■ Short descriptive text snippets

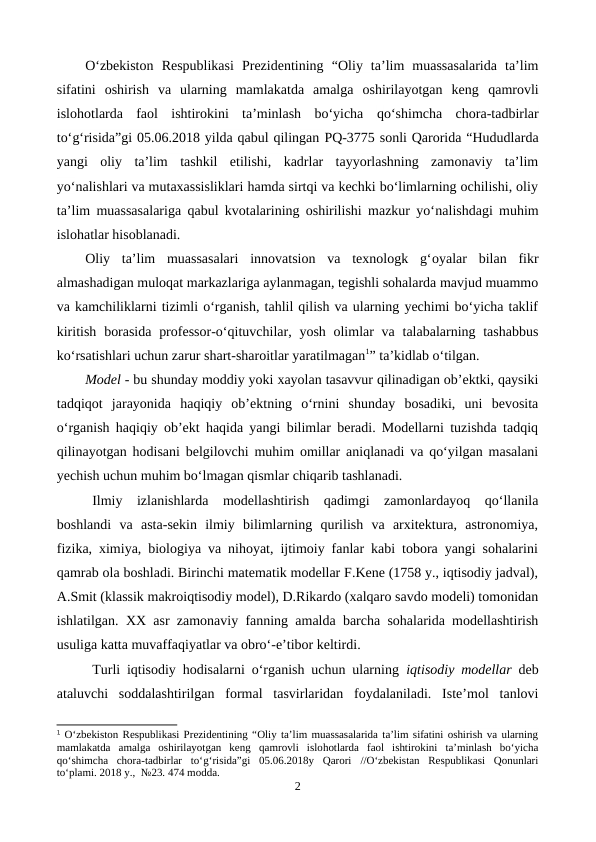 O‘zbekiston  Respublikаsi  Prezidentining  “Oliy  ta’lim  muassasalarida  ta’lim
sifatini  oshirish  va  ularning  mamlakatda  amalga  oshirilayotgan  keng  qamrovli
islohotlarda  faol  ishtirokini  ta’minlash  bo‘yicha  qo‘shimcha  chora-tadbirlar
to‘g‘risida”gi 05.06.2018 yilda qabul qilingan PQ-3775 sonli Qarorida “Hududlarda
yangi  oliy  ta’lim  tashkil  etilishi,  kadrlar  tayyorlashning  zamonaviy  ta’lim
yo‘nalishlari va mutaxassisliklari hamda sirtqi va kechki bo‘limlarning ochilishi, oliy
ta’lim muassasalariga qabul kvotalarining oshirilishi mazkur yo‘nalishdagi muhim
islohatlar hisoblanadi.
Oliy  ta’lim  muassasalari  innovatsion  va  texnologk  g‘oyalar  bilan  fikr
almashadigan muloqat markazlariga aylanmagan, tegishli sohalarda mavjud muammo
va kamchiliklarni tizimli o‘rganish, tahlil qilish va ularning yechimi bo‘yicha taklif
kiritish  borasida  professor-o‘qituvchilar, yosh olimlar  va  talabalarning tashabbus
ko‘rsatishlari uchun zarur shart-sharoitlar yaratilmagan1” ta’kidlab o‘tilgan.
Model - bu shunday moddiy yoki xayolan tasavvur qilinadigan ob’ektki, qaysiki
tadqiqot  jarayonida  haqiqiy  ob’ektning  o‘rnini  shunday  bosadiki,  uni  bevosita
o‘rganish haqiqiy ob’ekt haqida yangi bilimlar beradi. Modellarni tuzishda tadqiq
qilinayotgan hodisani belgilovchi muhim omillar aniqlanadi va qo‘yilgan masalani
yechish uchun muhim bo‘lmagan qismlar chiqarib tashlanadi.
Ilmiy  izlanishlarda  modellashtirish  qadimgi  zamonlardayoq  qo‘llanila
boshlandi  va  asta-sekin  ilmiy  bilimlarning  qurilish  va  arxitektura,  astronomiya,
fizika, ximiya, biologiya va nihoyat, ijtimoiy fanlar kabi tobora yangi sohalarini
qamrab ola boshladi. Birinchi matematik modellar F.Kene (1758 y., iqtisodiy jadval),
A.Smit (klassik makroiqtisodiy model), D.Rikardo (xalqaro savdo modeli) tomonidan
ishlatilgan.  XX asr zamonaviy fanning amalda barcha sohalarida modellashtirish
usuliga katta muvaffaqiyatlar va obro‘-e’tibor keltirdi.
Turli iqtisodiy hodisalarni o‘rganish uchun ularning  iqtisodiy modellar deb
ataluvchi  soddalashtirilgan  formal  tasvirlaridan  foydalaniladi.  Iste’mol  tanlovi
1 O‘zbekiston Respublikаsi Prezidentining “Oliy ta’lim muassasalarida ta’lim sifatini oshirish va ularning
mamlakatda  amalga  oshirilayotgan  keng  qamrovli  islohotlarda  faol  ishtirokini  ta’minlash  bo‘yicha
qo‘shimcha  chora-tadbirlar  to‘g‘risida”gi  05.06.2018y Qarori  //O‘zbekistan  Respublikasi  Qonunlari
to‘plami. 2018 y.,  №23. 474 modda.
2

■ Exercise goal
Please transcribe exactly the line containing "barcha sohalarida modellashtirish" and every line after it through the end of the records, and nothing else.

■ Written response
ishlatilgan.  XX asr zamonaviy fanning amalda barcha sohalarida modellashtirish
usuliga katta muvaffaqiyatlar va obro‘-e’tibor keltirdi.
Turli iqtisodiy hodisalarni o‘rganish uchun ularning  iqtisodiy modellar deb
ataluvchi  soddalashtirilgan  formal  tasvirlaridan  foydalaniladi.  Iste’mol  tanlovi
1 O‘zbekiston Respublikаsi Prezidentining “Oliy ta’lim muassasalarida ta’lim sifatini oshirish va ularning
mamlakatda  amalga  oshirilayotgan  keng  qamrovli  islohotlarda  faol  ishtirokini  ta’minlash  bo‘yicha
qo‘shimcha  chora-tadbirlar  to‘g‘risida”gi  05.06.2018y Qarori  //O‘zbekistan  Respublikasi  Qonunlari
to‘plami. 2018 y.,  №23. 474 modda.
2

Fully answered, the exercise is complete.